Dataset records
<<<<

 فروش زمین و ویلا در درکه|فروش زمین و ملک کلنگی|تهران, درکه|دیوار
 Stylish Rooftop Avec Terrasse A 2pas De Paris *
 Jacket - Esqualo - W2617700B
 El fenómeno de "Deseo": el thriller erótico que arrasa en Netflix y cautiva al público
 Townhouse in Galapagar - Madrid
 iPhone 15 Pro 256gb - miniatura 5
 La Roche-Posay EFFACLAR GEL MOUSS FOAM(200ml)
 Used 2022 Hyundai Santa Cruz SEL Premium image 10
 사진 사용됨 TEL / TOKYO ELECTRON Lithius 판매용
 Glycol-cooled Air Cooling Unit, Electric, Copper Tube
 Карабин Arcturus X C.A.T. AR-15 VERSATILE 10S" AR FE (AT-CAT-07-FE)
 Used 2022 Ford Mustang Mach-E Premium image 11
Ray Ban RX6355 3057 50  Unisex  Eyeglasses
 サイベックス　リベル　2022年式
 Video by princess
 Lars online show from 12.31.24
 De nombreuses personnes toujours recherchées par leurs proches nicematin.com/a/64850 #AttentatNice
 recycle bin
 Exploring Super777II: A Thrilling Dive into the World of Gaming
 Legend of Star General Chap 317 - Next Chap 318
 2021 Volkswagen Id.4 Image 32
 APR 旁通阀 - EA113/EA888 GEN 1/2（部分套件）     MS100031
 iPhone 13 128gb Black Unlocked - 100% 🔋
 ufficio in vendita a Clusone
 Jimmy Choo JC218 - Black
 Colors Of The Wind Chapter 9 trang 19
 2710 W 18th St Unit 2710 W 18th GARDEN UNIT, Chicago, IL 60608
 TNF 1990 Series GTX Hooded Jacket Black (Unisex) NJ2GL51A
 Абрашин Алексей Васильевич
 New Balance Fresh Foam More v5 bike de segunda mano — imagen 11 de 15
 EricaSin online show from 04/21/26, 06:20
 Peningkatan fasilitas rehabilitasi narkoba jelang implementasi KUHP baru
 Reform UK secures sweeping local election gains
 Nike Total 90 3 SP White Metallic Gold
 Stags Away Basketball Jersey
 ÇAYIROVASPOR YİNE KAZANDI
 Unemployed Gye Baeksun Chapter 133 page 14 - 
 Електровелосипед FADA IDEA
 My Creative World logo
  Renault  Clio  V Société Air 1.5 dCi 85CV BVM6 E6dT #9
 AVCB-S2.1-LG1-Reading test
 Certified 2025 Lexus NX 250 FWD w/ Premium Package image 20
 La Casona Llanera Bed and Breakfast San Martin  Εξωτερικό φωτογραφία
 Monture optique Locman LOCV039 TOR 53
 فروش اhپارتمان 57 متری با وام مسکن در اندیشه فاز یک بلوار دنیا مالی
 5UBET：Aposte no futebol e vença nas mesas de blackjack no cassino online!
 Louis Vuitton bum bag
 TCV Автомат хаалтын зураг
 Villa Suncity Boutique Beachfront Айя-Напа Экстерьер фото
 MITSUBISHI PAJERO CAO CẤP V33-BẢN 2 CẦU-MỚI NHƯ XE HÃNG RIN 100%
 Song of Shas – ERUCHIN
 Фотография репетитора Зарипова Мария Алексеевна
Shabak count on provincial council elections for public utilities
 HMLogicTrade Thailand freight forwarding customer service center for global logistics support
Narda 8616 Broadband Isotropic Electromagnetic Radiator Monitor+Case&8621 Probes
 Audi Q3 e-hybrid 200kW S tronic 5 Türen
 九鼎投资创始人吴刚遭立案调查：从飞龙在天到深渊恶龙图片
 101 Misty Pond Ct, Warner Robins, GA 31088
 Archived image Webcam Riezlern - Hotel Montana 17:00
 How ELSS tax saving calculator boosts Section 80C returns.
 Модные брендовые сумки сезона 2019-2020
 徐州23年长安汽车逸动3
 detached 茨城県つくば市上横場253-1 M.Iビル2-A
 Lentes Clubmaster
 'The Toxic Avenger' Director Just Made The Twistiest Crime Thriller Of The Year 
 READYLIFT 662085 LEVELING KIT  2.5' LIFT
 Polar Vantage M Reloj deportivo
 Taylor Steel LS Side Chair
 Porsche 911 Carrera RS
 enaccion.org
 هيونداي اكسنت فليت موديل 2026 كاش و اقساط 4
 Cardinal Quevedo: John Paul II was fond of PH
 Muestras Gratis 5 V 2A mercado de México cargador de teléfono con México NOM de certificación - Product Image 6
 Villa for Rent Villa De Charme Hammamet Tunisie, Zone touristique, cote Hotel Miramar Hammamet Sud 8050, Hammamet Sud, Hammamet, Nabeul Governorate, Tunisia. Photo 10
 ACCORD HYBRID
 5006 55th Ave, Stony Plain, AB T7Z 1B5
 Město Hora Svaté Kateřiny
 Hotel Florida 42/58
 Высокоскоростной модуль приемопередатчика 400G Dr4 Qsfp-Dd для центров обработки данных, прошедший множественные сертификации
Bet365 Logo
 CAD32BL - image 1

>>>>

• **Exercise prompt**: Check every line of the entries for "Chapter" and report how many lines contain it, without any other words.

• **Task result**: 2